__ACTIVITY__
Without including any pictures, copy every line below exactly.

■ ■ ■

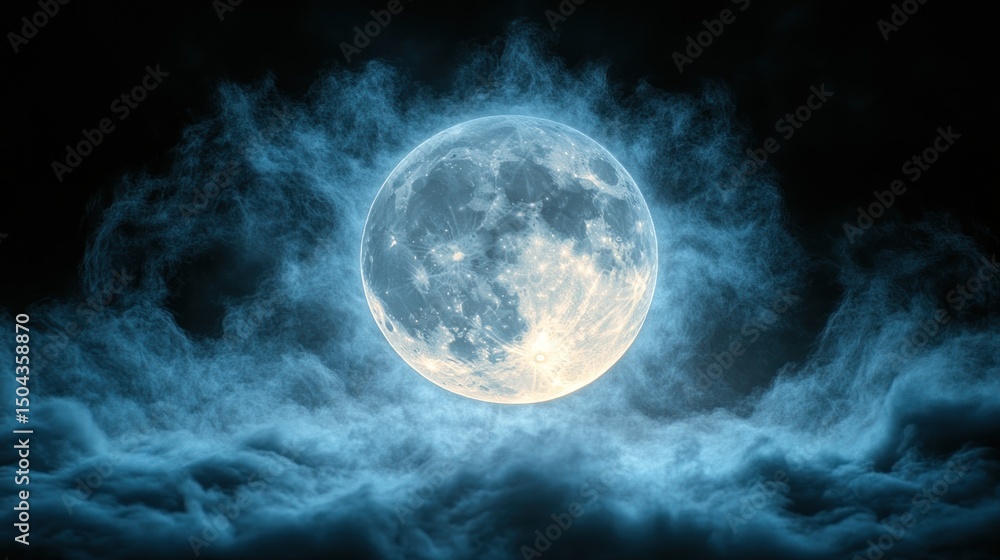Fototapeta premium Full moon shrouded in ethereal blue clouds against a dark night sky.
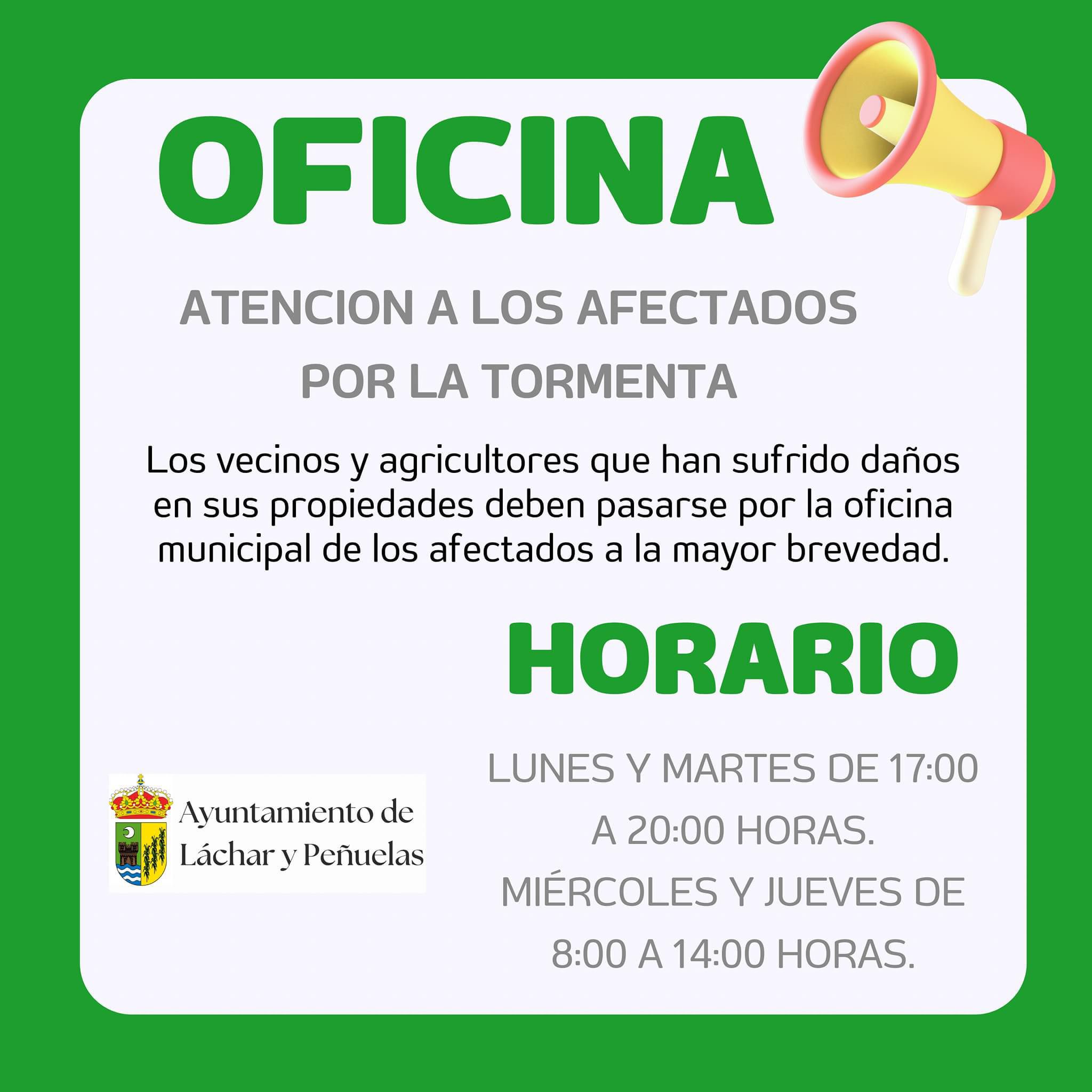 Atención a los afectados por la tormenta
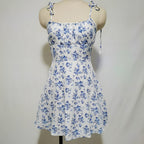 Damen Sommerliches Blümchenkleid mit verstellbaren Spaghettiträgern R&B
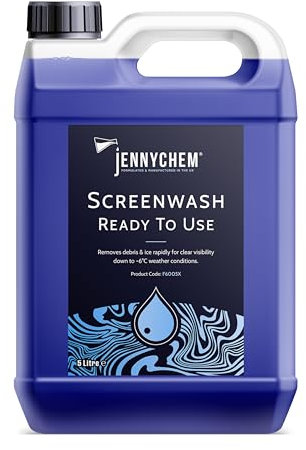 Jennychem Ready Mixed Screenwash Windscreen Fluid 5L. All Seasons with -6°C Antifreeze Windscreen Wash Protection. Screenwash Ready To Use Car Windscreen Wash with Streak Free Finish 5L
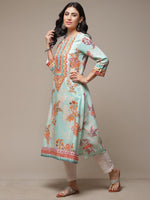 Thumbnail for Biba Ethnic Motifs Printed A-Line Kurta - Distacart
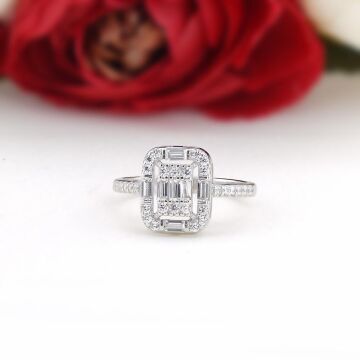 Baget Zirkon Taşlı Gümüş Bayan Set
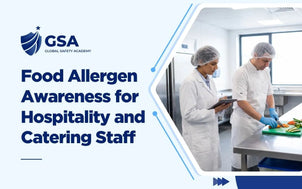 Food Allergen Awareness for Hospitality and Catering Staff training course featuring a person taking notes on a tablet while a chef prepares food in a commercial kitchen
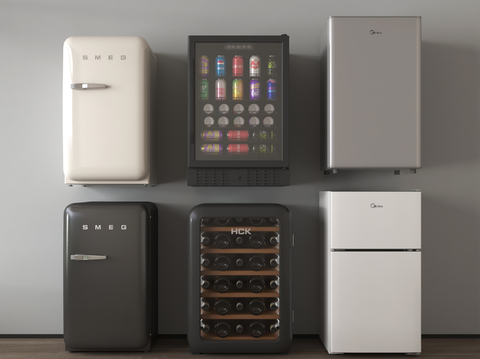  小冰箱 迷你冰箱 饮料冷藏柜 车载冰箱su模型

■ ■ ■

__RESULT OF THIS TASK__
Fototapeta premium Full moon shrouded in ethereal blue clouds against a dark night sky.
 Atención a los afectados por la tormenta
 Damen Sommerliches Blümchenkleid mit verstellbaren Spaghettiträgern R&B
 Jennychem Ready Mixed Screenwash Windscreen Fluid 5L. All Seasons with -6°C Antifreeze Windscreen Wash Protection. Screenwash Ready To Use Car Windscreen Wash with Streak Free Finish 5L
 Thumbnail for Biba Ethnic Motifs Printed A-Line Kurta - Distacart
 Baget Zirkon Taşlı Gümüş Bayan Set
 Food Allergen Awareness for Hospitality and Catering Staff training course featuring a person taking notes on a tablet while a chef prepares food in a commercial kitchen
  小冰箱 迷你冰箱 饮料冷藏柜 车载冰箱su模型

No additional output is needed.